A major report from leading business group, the CBI, has warned that more needs to be done to address the growing skills gaps seen in many industries, or economic growth could be threatened.

The annual education and skills survey believes that most jobs in the next few years will be high-skilled in sectors including construction, manufacturing and engineering, yet the majority of businesses fear they will not be able to find the right people to fill the positions.

The report follows the recent Leicester and Leicestershire Enterprise Partnership (LLEP) strategic economic plan that predicts 45,000 new jobs across the region by 2020, including a 76% increase in employment in advanced mechanical engineering.
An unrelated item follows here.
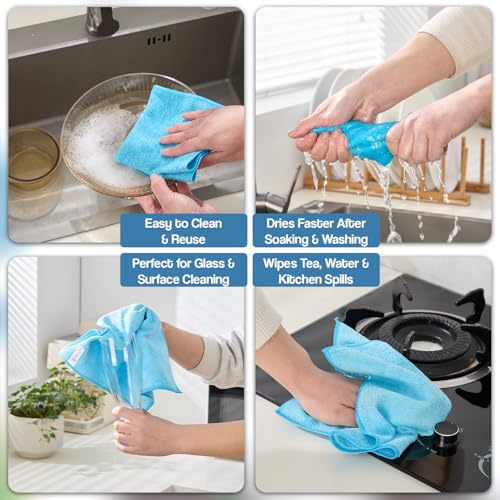 Microfiber Cleaning Cloth 12 Pack, 12x12 Inch Lint Free Streak Free Towels, Ultra Absorbent Cleaning Rags for Cars, Auto Detailing, Kitchen & Windows (12, Blue) - color: Blue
The LLEP plan also identified 60% of firms were already experiencing skills shortages.

The news comes as South Leicestershire College (SLC) unveils its new part-time course guide, offering adult learners – and employers – a range of professional qualifications across a range of industries, including construction. The college also has one of the largest Apprentice Recruitment Services in the East Midlands, for employers and individuals. The Recruitment Team offers free specialist support for those looking for opportunities and to employers who want to understand how apprenticeships can benefit their business.

The CBI and LLEP propose closer links with education as a major way to address the situation and ensure the next generation entering work are equipped with the right technical skills and attitudes to support their local communities. Indeed, the CBI reports the majority of its members want to work with schools and colleges to support work placement schemes, employer partnerships and apprenticeships, yet a quarter of firms state that their local education providers are not interested in these partnerships.
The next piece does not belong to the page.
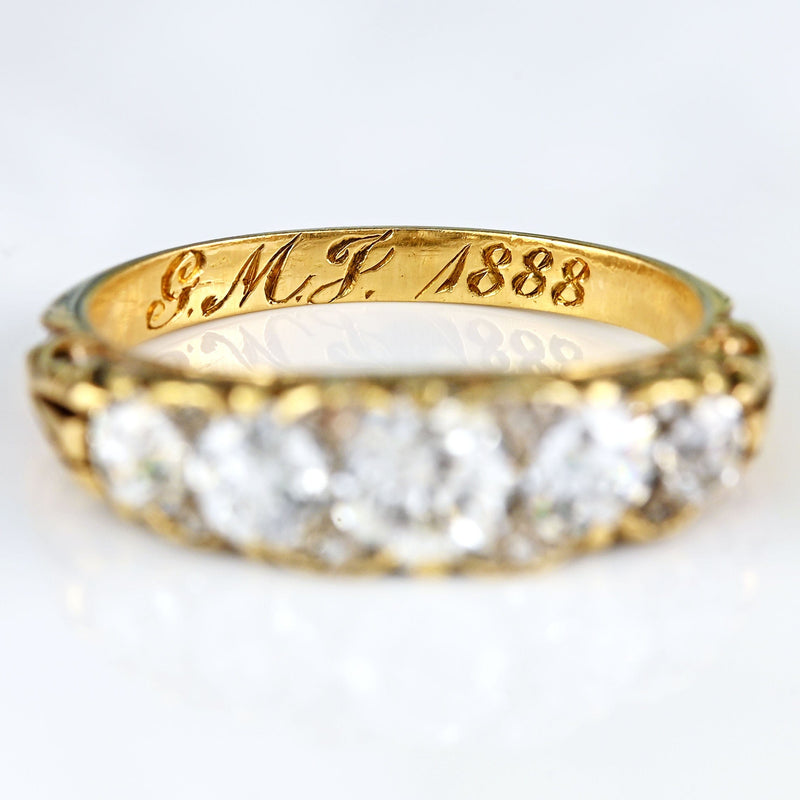 Ellibelle Jewellery Victorian Diamond 18ct Gold Five-Stone Carved Half Hoop Engagement Ring (1.40cts)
John Morgans, Chief Operating Officer at SLC, comments: “The traditional academic model remains a valid pathway for many to the world of work. But we need to find new pathways to support both young people and those in our local communities to give them a line of sight to employment. This means placing employment at the heart of education and training, and delivering this alongside partners in business.

“Through these partnerships with business and local employers, companies can engage with the education and training process to ensure the needs for specific technical skills and the demand for ‘work ready’ candidates is met.

“At SLC we already work closely with local communities and employers to develop and deliver a dynamic curriculum strategy that drives academic excellence and nurtures the highest levels of technical and practical skills that reflect the needs of local industries.”

The CBI report also stated that two thirds of businesses invest in workforce training through supporting their staff with part-time study. Three quarters rely on external partners including further education colleges, to deliver their training strategy, although many remain dissatisfied over the quality and price from providers.  With 60% of businesses wanting to engage more with colleges to improve the quality and relevance of vocational qualifications.

Nylacast, a Leicester-based engineering firm, had a specific training requirement for engineering skills for both its semi and skilled employees and approached SLC. Martin Payne, General Manager of Nylast commented: “SLC offered short courses in basic engineering and CNC programming which we found fitted well around their job functions. With the courses being ‘off site’ the employees were able to have one-to-one training and engage in both theoretical and practical exercises. The short courses were very ‘hands on’ and gave our employees more confidence and above all the time to learn new skills, which in a mass production facility, is not always easy to achieve”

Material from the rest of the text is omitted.